= WHAT IS REQUIRED =
Give again, word for word, each line below starting at the one that contains "Happy Birthday Funny Cat カード (黄色い花)" and ending at the one that contains "Rot Gebraucht 1987".

= Caption-style text data =

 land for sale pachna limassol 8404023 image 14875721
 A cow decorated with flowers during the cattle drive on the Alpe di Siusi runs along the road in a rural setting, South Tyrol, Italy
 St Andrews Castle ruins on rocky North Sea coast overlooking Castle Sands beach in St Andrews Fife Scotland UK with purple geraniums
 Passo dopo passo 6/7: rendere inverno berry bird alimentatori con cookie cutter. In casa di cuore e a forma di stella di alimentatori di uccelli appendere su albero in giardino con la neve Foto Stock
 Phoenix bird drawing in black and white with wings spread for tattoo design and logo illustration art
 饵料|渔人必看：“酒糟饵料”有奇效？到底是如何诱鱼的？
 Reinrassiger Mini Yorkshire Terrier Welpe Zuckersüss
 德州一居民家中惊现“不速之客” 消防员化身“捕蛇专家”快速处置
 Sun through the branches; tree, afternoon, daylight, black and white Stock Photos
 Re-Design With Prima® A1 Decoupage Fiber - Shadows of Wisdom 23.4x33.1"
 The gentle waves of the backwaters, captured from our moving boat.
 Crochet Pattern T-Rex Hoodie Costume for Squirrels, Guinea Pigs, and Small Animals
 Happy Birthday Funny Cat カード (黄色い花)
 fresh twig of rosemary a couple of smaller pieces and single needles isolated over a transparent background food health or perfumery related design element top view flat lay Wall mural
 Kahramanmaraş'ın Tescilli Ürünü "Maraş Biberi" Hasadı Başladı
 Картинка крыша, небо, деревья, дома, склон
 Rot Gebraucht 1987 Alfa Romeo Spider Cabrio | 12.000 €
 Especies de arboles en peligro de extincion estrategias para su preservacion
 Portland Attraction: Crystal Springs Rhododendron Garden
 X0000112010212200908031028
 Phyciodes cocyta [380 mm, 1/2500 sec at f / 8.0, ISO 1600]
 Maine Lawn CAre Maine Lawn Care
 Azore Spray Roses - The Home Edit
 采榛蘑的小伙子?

= EXPECTED ANSWER =
 Happy Birthday Funny Cat カード (黄色い花)
 fresh twig of rosemary a couple of smaller pieces and single needles isolated over a transparent background food health or perfumery related design element top view flat lay Wall mural
 Kahramanmaraş'ın Tescilli Ürünü "Maraş Biberi" Hasadı Başladı
 Картинка крыша, небо, деревья, дома, склон
 Rot Gebraucht 1987 Alfa Romeo Spider Cabrio | 12.000 €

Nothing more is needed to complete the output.